Extended data classification provides additional information about a given column. When you perform the column analysis by enabling Extended Data Classification, you can analyze and classify the data.

Enabling enhanced data classification when you run a column analysis job
When you run a column analysis job, enable the enhanced data classification option so you can get extended details about your data. You can view the extended data classification details when you view the column analysis results. You can view the column analysis results by going to the Investigate workspace in the Home Navigator menu, and clicking Column Analysis > Open Column Analysis.
Note: You can publish the data classification, and column analysis results if required.
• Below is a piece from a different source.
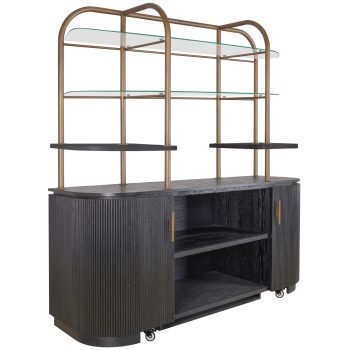 95200030 Salerno Wandkast Zwart Eiken 1.1hr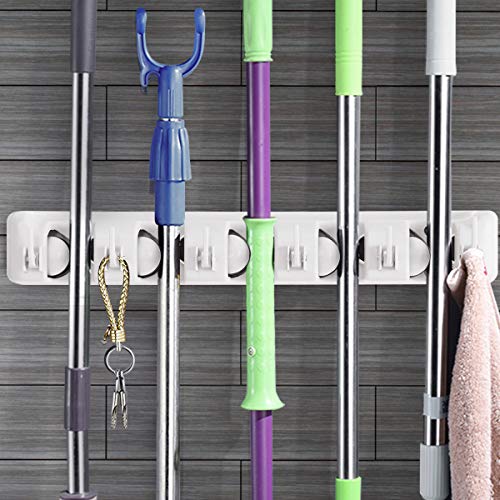 Xiloccer Renatone Mop and Broom Holder Wall Mount, Heavy Duty Organizer Storage Hooks Mounted, Commercial Rack 5 Slots & 6 Hooks, Hanging Tools for Home, Garden, Garage, White, 15 x 3.5 x 2.5 inches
When you publish the data classification results, you can see the published data class objects in the Investigate model in approved state for the corresponding columns Data_field.

Data Classes preferences

The following table shows the data classes preference settings. You can make selection from the list of displayed fields.
Note: If the Enabled check box is checked against each data class, it is considered that the data class is enabled.
Table 1. Data Classes preference settings
Data class Description
American Express Card Infers whether a column can be considered as an American Express credit card number.
Boolean Infers whether a column can contain boolean values. The values can contain numeric or alpha codes. Example, 0 or 1, True or False, or Yes or No.
Canadian Social Insurance Number Infers whether a column can be considered a Canadian social insurance number (SIN).
Code A column that contains code values that represent a specific meaning. For example, a column with the class of Code might contain data about the area code in a telephone number.
Country Code Infers whether a column can be considered a country or region code.
Country Name Infers whether a column can be considered a country name.
Credit Card Number Infers whether a column can be considered a credit card number. The Credit Card Number contains all the credit card data classes for example, American Express Card, Diners Club Card, Discover Card, Japan CB, Master Card, and VISA card, etc.
Date Infers whether a column can be considered a chronological data. For example, a column with the class of Date might contain data such as 10/10/07.
Note: All date formats are supported. For example, MM-DD-YY, MM/DD/YYYY, DD-MM-YYYYMM-DD-YY, etc.
Diners Club Card Infers whether a column can be considered a Diners Club credit card number.
Discover Card Infers whether a column can be considered a Discover credit card number.
Email Address Infers whether a column can be considered an e-mail address.
French INSEE Number Infers whether a column can be considered a French National Institute for Statistics and Economic Studies (INSEE) number.
Gender Infers whether the column is a gender code, such as Male/Female or M/F.
Computer Host Name Infers whether a column can be considered a host name.
Identifier A data value that is used to reference a unique entity. For example, a column with the class of Identifier might be a primary key or contain unique information such as a customer number.
Indicator Infers whether a column contains binary values such as M/F, 0/1, True/False, Yes/No.
Internet Protocol Address Infers whether a column can be considered an IP address.
Internet Protocol Version 6 Address Infers Internet Protocol (IP) address intended to supplement and eventually replace IPv4.
International Standard Book Number Infers an International Standard Book Number (ISBN) which is a unique numeric book identifier.
International Securities Identification Number Infers an International Securities Identification Number (ISIN) which uniquely identifies a security such as bonds, stocks, and warrants.
Italian Fiscal Code Infers whether a column can be considered an Italian fiscal code.
Japan CB Infers whether a column can be considered a Japanese CB number.
Large Object A large object is a column whose length is greater than the length threshold. A column defined as a large object will not be explicitly profiled. Large Object is assigned to columns that have a BLOB data type.
Master Card Infers whether a column can be considered a Master Card credit card number.
Notes Email Address Infers whether a column can be considered an IBM Lotus Notes® e-mail address.
Passport Number Infers whether a column can be considered a passport number.
Quantity A column that contains data about a numerical value. For example, a column with the class of Quantity might contain data about the price of an object.
Spanish Fiscal Identification Number Infers whether a column can be considered a Spanish identification number (número de identificación or NIF).
Text A column that contains unformatted alphanumeric data and special character data.
UK National Insurance Number Infers whether a column can be considered a UK national insurance number (NINO).
Universal Product Code Infers whether a column can be considered a Universal Product Code (UPC).
Uniform Resource Locator Infers whether a column can be considered a Web address.
US Phone Number Infers whether a column can be considered a U.S. telephone number or a Canada telephone number.
US Social Security Number Infers whether a column can be considered a U.S. Social Security number (SSN).
US State Code Infers whether a column can be considered a U.S. state code or abbreviation.
US Zip Infers whether a column can be considered a U.S. postal code.
VISA Card Infers whether a column can be considered a Visa credit card number.